A, a prime contractor, subcontracted certain work to B who in turn, with the approval of A, subcontracted certain work to C. After the work was completed B wrote a letter to X (in 1959), stating that he would make payment for C's work jointly to C and X and C accepted such arrangement. Thereafter, in order to collect for his work, C sued A and its surety and obtained a judgment against them. When A and its surety paid such judgment into court they notified the court of the possibility of certain outstanding claims against such fund and, upon the issuance of a rule nisi by the trial court, X filed an intervention which sought to set up the agreement of B to make payment jointly to it and C as an assignment of the account receivable of C. On the trial of the intervention by the court, without a jury, the money paid on the judgment by A and its surety was ordered paid to a prior judgment creditor who held a judgment against C which was recorded on the general execution docket on October 15, 1957. The exception is to this judgment.

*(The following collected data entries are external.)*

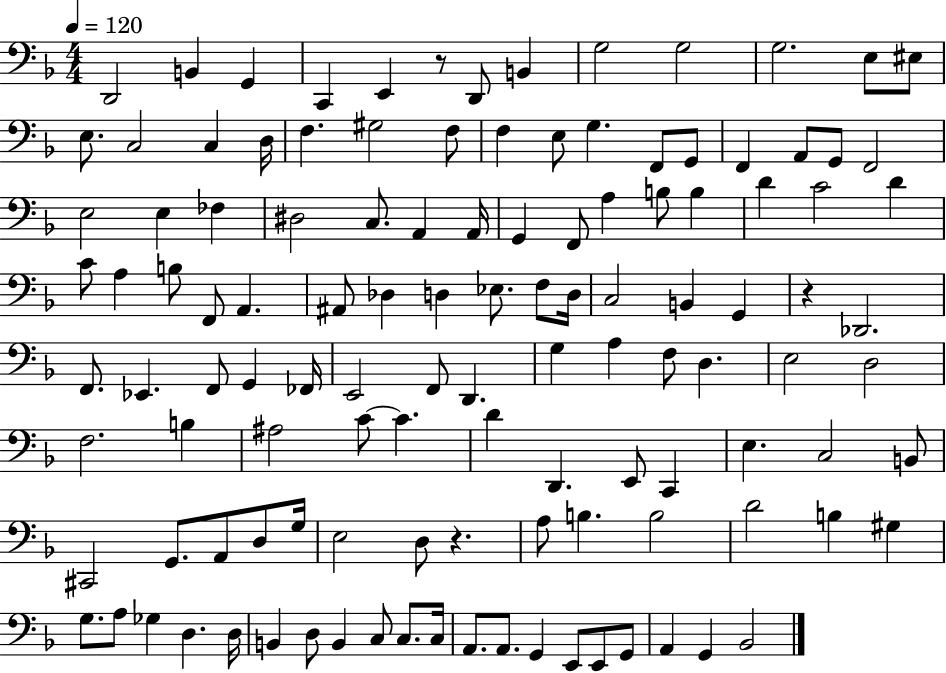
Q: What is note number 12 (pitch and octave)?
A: EIS3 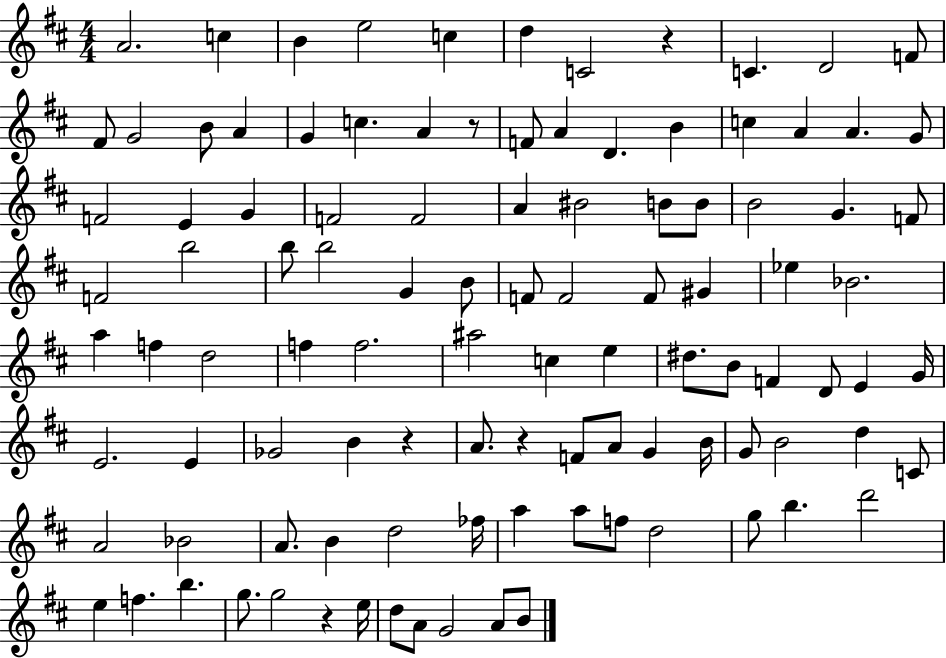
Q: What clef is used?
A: treble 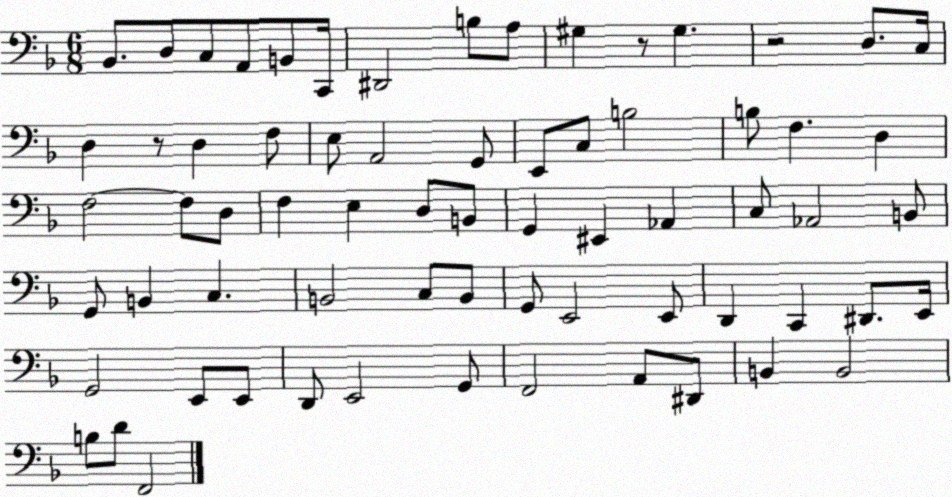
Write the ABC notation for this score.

X:1
T:Untitled
M:6/8
L:1/4
K:F
_B,,/2 D,/2 C,/2 A,,/2 B,,/2 C,,/4 ^D,,2 B,/2 A,/2 ^G, z/2 ^G, z2 D,/2 C,/4 D, z/2 D, F,/2 E,/2 A,,2 G,,/2 E,,/2 C,/2 B,2 B,/2 F, D, F,2 F,/2 D,/2 F, E, D,/2 B,,/2 G,, ^E,, _A,, C,/2 _A,,2 B,,/2 G,,/2 B,, C, B,,2 C,/2 B,,/2 G,,/2 E,,2 E,,/2 D,, C,, ^D,,/2 E,,/4 G,,2 E,,/2 E,,/2 D,,/2 E,,2 G,,/2 F,,2 A,,/2 ^D,,/2 B,, B,,2 B,/2 D/2 F,,2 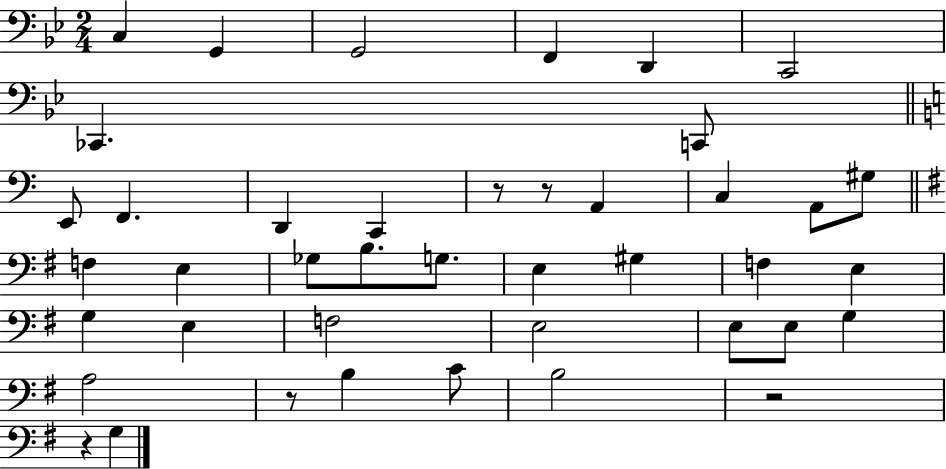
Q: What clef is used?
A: bass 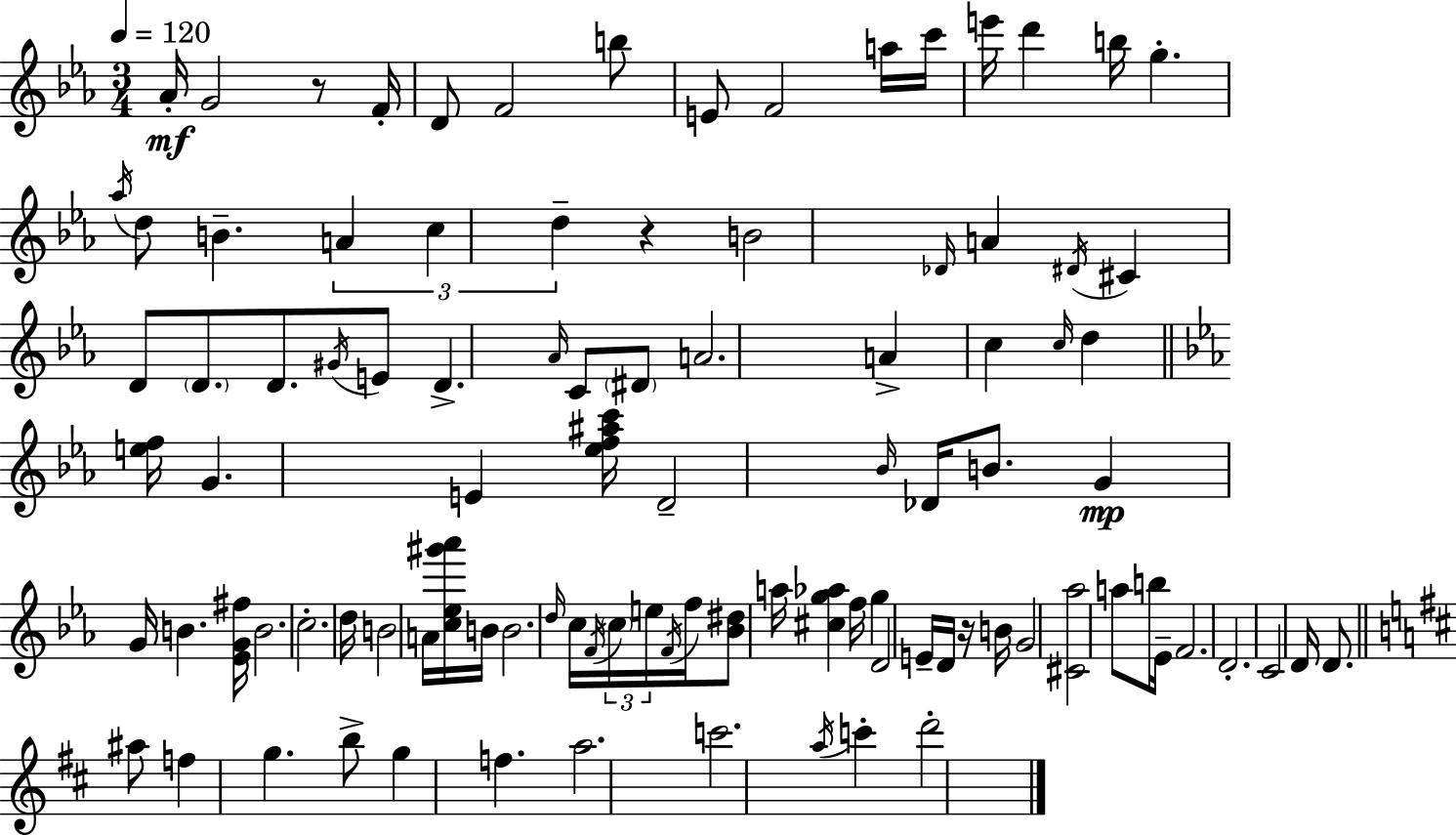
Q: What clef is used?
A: treble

The sole question presented for decision is whether the letter from B to X, in which B agreed to make payment jointly to C and X (such arrangement being acceptable to C), was a legal assignment of C's chose in action. No question is presented as to B's obligation as a guarantor or surety for any debt owed by C to X, and all other questions were expressly abandoned by the plaintiff in error.

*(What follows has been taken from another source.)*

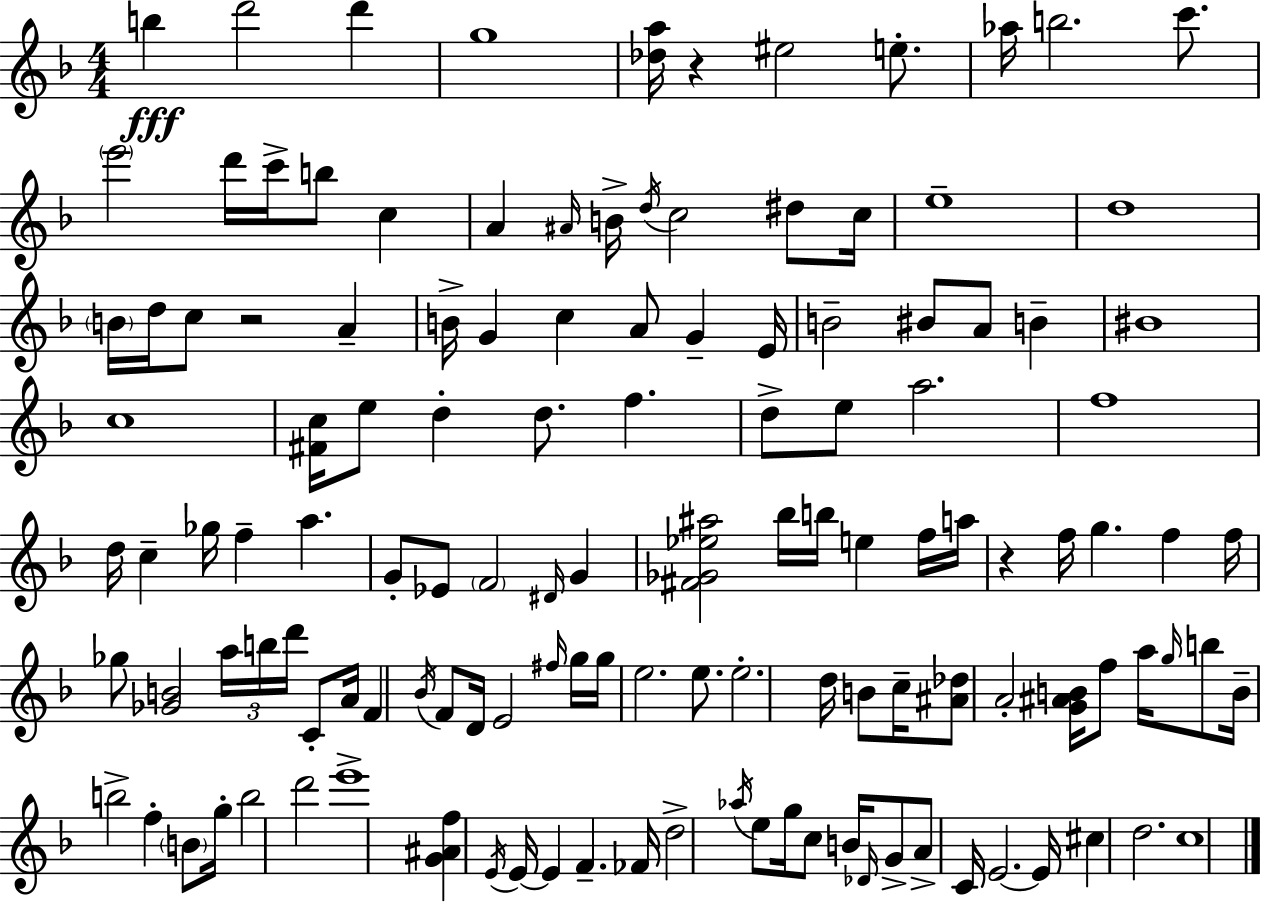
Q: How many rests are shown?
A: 3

"Any language, however informal, will be sufficient to constitute a legal assignment, if it shows the intention of the owner of the right to transfer it instantly, so that it will be the property of the transferee. Southern Mutual Life Insurance Co. v. Durdin, 132 Ga. 495 (1) ( 64 S.E. 264, 131 Am. St. Rep. 210). It is further true, however, that `an instrument, other than a draft, purporting to assign a sum of money to be paid out of a fund claimed to be in the hands of another, without describing the identical money intended to be conveyed, will not of itself convey legal title to any part of the fund which in fact may be in the hands of such other person.' W. A. R. Co. v. Union Investment Co., 128 Ga. 74 (1) ( 57 S.E. 100). And measuring it by this rule, we are of the opinion that the writing in question did not operate to convey legal title to the fund in controversy and therefore did not constitute a legal assignment. See also Baer v. English, 84 Ga. 403 (1) ( 11 S.E. 453, 20 Am. St. Rep. 372. Did it amount to an equitable assignment? In the case of Jones v. Glover, 93 Ga. 484 (1) ( 21 S.E. 50), it is said, `In order to infer an equitable assignment, such facts and circumstances must appear, as would not only raise an equity between the assignor and the assignee but show that the parties contemplated an immediate change of ownership with respect to the particular fund in question, not a change of ownership when the fund should be collected or realized, but at the time of the transaction relied upon to constitute the assignment.'" Brown Guano Co. v. Bridges, 34 Ga. App. 652, 655 ( 130 S.E. 695).
The purported assignment in the present case did not show an intention to transfer the fund immediately since the payment was to be made jointly to the purported assignor and assignee without any distinction being shown as to their separate interest in such fund, and for such reason the paper could not constitute either an equitable or legal assignment and the judgment of the trial court so holding was not error.
Judgment affirmed. Felton, C. J., and Bell, J., concur.